Si è fatto un gran parlare, negli ultimi anni , sul problema
dei bambini depressi
Il centro della discussione è stato messo sulla realtà e
sulla consistenza del fenomeno.
Ma veramente, esistono bambini depressi? E quanti sono? E
perché prima non se ne parlava? Abbiamo nuove conoscenze che
ci permettono di fare nuove diagnosi? Oppure viviamo in una
società che produce bambini depressi?
Dietro queste prime domande , che coinvolgono sia il grande
pubblico che gli specialisti,si intravedono altre questioni,
ancora più dure e compromettenti: depressi si nasce? E quale
rapporto esiste tra la depressione dei bambini e quella
degli adulti?

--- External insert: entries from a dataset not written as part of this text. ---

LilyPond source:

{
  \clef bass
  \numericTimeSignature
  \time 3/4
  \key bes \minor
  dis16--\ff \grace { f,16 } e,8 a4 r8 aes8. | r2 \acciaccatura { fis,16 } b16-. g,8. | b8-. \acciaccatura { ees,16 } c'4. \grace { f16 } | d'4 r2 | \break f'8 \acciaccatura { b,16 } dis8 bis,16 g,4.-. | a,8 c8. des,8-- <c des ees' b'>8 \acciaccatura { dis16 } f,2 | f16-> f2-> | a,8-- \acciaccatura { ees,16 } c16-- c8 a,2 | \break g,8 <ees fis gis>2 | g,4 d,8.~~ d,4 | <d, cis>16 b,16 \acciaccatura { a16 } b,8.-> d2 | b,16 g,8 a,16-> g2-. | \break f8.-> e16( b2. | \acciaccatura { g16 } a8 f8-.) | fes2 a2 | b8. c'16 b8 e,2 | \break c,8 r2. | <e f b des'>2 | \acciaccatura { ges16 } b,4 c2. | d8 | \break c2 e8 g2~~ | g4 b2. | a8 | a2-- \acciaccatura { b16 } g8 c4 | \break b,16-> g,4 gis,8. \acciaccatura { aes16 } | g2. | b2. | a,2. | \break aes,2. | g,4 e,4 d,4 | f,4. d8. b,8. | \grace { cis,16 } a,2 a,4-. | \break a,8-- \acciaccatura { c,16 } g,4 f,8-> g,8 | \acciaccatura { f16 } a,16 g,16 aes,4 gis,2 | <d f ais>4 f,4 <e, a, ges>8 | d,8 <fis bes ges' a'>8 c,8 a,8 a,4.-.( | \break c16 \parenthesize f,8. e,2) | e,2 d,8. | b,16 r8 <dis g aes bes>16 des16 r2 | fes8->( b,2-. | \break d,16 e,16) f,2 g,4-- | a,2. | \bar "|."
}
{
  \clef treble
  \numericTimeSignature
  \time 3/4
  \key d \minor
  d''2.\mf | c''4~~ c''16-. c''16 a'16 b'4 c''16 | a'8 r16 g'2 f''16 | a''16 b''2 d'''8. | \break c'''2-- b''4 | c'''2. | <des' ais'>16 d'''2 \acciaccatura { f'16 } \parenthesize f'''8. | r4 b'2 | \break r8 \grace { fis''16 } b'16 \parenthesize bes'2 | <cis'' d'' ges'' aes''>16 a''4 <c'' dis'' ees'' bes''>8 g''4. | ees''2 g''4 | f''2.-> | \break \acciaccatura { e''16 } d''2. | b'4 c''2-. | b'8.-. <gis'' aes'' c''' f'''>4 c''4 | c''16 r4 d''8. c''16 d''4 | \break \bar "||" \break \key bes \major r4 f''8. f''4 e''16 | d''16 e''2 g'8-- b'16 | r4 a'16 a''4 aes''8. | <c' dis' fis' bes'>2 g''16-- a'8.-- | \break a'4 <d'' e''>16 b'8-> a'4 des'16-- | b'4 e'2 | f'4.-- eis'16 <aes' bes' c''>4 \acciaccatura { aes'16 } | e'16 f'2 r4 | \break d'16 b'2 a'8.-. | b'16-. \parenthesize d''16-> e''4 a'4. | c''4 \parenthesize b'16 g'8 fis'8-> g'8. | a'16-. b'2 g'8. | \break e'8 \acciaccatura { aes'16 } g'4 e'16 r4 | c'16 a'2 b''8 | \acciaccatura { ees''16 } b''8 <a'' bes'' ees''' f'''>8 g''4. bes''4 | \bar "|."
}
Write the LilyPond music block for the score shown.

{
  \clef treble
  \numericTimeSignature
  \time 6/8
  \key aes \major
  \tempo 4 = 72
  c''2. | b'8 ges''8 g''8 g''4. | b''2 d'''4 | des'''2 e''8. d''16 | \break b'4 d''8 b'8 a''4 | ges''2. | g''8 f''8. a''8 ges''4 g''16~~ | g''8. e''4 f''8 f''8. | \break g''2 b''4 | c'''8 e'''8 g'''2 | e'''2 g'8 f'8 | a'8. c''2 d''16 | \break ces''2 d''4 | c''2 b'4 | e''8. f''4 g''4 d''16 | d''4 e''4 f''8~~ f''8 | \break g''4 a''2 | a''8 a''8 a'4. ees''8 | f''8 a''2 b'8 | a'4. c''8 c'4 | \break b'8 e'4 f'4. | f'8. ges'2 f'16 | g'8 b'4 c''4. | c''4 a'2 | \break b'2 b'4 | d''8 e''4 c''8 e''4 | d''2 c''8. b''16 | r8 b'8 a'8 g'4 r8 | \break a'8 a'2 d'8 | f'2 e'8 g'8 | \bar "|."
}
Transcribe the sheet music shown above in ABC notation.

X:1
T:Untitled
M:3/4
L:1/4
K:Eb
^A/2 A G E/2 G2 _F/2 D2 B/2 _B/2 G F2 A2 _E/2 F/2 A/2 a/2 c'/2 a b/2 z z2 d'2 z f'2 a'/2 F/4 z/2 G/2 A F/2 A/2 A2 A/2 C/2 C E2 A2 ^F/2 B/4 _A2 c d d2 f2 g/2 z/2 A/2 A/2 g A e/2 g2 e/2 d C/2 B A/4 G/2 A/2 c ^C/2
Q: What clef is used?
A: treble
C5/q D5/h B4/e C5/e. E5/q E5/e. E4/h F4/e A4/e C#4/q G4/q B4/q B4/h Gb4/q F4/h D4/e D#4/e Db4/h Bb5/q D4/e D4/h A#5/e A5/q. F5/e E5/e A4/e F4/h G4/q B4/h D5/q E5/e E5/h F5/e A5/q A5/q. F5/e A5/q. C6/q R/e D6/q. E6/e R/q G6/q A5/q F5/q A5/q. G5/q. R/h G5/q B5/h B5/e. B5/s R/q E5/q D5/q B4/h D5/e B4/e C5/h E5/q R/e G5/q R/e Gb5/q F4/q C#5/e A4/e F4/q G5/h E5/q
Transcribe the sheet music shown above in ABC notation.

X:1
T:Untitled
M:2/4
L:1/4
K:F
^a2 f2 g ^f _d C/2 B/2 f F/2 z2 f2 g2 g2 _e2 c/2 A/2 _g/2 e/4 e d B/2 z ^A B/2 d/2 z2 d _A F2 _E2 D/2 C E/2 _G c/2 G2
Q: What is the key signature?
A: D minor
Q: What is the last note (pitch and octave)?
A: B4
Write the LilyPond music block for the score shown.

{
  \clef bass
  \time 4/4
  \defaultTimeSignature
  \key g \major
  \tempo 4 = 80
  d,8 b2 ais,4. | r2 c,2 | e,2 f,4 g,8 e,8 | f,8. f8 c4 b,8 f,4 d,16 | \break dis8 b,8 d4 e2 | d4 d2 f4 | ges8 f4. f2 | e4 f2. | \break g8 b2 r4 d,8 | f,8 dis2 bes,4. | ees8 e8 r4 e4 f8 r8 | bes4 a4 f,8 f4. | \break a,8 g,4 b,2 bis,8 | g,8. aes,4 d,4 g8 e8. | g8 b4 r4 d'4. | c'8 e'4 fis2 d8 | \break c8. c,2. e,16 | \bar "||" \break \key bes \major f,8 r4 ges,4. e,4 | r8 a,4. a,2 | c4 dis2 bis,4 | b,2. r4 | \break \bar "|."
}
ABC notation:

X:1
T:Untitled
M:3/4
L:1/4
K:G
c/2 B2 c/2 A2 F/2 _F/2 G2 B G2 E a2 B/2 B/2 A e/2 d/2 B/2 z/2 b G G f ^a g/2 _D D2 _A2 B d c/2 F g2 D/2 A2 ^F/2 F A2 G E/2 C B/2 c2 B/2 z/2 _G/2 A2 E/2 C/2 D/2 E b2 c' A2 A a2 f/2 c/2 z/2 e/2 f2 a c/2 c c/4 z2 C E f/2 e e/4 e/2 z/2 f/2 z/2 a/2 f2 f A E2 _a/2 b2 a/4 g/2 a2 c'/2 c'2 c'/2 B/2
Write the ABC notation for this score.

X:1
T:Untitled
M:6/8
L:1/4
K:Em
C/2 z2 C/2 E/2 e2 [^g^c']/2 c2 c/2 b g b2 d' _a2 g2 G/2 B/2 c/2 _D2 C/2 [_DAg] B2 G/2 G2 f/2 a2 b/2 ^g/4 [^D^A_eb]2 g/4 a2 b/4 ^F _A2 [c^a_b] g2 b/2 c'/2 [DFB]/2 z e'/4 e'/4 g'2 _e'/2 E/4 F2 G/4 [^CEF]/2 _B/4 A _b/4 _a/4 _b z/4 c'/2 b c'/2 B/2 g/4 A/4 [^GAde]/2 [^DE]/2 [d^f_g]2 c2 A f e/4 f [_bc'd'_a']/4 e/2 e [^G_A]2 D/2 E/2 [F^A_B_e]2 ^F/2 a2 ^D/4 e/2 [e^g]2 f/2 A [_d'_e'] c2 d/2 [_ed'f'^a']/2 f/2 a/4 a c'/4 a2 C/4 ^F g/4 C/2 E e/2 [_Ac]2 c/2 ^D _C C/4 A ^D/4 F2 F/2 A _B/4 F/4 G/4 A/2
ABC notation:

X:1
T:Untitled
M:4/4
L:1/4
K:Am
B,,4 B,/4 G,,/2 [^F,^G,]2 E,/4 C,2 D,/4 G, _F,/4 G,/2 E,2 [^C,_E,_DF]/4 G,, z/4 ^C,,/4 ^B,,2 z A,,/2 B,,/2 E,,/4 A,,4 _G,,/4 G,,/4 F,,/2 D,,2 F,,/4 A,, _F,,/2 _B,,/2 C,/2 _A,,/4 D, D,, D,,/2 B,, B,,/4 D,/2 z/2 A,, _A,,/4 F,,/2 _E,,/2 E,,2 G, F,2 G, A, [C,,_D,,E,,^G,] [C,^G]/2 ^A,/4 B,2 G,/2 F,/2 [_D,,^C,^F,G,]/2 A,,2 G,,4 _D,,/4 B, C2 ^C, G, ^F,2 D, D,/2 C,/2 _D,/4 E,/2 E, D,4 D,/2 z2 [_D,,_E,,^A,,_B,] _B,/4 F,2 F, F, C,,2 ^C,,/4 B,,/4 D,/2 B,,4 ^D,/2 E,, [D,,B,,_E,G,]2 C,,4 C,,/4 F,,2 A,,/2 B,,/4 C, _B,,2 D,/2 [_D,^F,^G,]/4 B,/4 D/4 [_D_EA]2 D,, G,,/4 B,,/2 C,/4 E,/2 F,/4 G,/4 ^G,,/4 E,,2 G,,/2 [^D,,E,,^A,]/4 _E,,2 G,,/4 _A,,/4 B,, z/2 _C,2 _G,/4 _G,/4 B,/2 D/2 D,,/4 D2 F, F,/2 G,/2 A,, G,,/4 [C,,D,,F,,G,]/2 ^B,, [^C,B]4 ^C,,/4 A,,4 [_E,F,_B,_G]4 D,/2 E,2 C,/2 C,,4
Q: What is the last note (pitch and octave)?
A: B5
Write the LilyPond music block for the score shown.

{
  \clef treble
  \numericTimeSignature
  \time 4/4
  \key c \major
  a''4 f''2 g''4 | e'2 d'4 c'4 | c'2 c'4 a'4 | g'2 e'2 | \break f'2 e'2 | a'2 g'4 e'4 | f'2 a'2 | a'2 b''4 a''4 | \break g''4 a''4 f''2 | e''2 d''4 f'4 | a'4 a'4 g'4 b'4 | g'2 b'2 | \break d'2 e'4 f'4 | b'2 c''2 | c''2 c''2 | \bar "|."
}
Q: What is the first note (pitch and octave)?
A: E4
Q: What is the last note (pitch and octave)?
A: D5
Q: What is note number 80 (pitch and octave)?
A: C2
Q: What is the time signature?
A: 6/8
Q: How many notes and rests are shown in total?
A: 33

Un bambino depresso sarà un adulto depresso?
Oppure un adulto depresso sarà particolarmente debole nel
difendere i propri figli ( o alunni) dalla depressione?
Sono tutte domande giuste e pertinenti; ancora più pressante
e necessaria è la domanda di saper riconoscere i sintomi che
costituiscono , o preannunciano, la depressione dei bambini.
Eppure il quesito basilare, il filo che ci aiuterebbe a
sbrogliare la matassa, sta nel cercare di comprendere
l’esperienza e i sentimenti dei bambini depressi. Quali sono
le emozioni contro cui combatte un bambino depresso? Come ne
prende coscienza o come le oscura? Come fa un bambino
depresso a localizzare, dentro di sé,queste emozioni? Come
riesce a dare loro un nome e a trovare le parole per
comunicarle o, per nasconderle, agli altri?
Curiosamente la nostra esplorazione sullo sviluppo dei
sentimenti depressivi è più reticente: Ci sembra troppo
difficile o troppo dolorosa…Tuttavia questa esplorazione è
inevitabile e anche la più utile perché ci aiuta a
comprendere il mondo dei bambini depressi ed individua un
ampia di transizione tra la realtà di tutti i bambini ( e
degli adulti) e la realtà dei bambini clinicamente depressi.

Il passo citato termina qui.